如你所见，我已经提到了这个错误。我正试图在eclipse中为此创建一个快速修复程序。但是我无法得到B类的超类节点，即类TestOverride。

我尝试了以下代码

if(selectedNode instanceof MethodDeclaration) {
    ASTNode type = selectedNode.getParent();
    if(type instanceof TypeDeclaration) {
        ASTNode parentClass = ((TypeDeclaration) type).getSuperclassType();
    }
}

在这里，我只把parentClass作为TestOverride。但是，当我检查它不是TypeDeclaration类型时，它也不是SimpleName类型。

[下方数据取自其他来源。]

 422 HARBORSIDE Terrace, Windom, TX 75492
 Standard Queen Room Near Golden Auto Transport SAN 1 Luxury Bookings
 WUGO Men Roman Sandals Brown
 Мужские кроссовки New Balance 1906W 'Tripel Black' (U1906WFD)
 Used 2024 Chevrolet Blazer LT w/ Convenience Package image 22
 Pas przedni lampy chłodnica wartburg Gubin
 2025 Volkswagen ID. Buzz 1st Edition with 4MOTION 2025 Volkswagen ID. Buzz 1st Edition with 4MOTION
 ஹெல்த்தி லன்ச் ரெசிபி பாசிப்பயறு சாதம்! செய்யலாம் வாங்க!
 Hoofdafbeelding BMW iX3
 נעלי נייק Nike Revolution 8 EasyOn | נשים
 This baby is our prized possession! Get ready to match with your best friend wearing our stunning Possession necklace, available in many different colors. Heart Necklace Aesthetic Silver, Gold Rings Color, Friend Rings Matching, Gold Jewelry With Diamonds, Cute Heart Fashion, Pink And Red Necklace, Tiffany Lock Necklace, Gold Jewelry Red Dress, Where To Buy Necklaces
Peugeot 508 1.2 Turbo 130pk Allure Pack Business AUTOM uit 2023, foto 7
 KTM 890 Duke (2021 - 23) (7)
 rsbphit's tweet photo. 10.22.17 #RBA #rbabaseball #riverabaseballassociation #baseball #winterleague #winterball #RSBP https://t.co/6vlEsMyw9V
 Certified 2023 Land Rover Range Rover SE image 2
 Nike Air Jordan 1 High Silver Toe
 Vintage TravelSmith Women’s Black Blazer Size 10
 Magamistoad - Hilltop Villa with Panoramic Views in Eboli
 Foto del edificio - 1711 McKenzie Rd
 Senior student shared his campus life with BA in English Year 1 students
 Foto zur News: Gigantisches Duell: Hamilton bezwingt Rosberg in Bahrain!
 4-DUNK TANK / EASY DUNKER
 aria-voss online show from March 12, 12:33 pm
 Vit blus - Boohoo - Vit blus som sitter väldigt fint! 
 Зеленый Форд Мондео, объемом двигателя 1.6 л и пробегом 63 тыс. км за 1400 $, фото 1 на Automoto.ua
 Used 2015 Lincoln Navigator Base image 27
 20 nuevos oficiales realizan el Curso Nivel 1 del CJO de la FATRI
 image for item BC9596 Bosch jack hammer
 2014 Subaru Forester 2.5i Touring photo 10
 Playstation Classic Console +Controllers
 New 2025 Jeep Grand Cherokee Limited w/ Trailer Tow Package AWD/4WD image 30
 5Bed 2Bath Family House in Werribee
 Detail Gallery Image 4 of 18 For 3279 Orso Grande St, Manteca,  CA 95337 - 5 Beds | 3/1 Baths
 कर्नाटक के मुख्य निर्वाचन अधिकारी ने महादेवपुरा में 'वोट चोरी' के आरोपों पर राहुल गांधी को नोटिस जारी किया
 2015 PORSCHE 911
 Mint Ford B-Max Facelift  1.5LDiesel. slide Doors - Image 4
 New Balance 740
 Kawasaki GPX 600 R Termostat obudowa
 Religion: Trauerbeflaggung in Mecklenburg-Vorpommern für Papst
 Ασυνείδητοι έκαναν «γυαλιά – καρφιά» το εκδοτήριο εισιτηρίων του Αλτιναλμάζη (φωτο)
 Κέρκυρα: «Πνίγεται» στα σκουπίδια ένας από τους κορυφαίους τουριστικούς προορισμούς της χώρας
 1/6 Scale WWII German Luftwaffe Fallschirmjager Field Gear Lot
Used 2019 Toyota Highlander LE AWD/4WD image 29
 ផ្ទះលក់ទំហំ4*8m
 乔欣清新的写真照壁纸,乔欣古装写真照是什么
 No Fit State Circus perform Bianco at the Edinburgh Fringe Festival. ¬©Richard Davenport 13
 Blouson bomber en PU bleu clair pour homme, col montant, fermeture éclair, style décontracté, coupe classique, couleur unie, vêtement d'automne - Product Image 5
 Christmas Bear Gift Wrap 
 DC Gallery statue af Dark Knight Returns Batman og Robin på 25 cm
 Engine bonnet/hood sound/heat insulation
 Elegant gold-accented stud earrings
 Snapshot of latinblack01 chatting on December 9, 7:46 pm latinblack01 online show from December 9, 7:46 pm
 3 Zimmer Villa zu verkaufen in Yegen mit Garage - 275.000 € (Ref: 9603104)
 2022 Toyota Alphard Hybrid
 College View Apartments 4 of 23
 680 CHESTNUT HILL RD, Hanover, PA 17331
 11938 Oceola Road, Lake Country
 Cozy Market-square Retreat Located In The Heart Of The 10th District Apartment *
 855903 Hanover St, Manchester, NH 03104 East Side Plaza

我的查询是如何得到类TestOverride节点的？

编辑

  for (IMethodBinding parentMethodBinding :superClassBinding.getDeclaredMethods()){
     if (methodBinding.overrides(parentMethodBinding)){
        ReturnStatement rs = ast.newReturnStatement();
        SuperMethodInvocation smi = ast.newSuperMethodInvocation();
        rs.setExpression(smi);
        Block oldBody = methodDecl.getBody();
        ListRewrite listRewrite = rewriter.getListRewrite(oldBody, Block.STATEMENTS_PROPERTY);
        listRewrite.insertFirst(rs, null);
}

Answer 1

您必须使用bindings。要使绑定可用，这意味着resolveBinding()不返回null，我发布的possibly additional steps是必要的。

要处理绑定，这个访问者应该有助于正确的方向：

class TypeHierarchyVisitor extends ASTVisitor {
    public boolean visit(MethodDeclaration node) {
        // e.g. foo()
        IMethodBinding methodBinding = node.resolveBinding();

        // e.g. class B
        ITypeBinding classBinding = methodBinding.getDeclaringClass();

        // e.g. class TestOverride
        ITypeBinding superclassBinding = classBinding.getSuperclass();
        if (superclassBinding != null) {
            for (IMethodBinding parentBinding: superclassBinding.getDeclaredMethods()) {
                if (methodBinding.overrides(parentBinding)) {
                    // now you know `node` overrides a method and
                    // you can add the `super` statement
                }
            }
        }
        return super.visit(node);
    }
}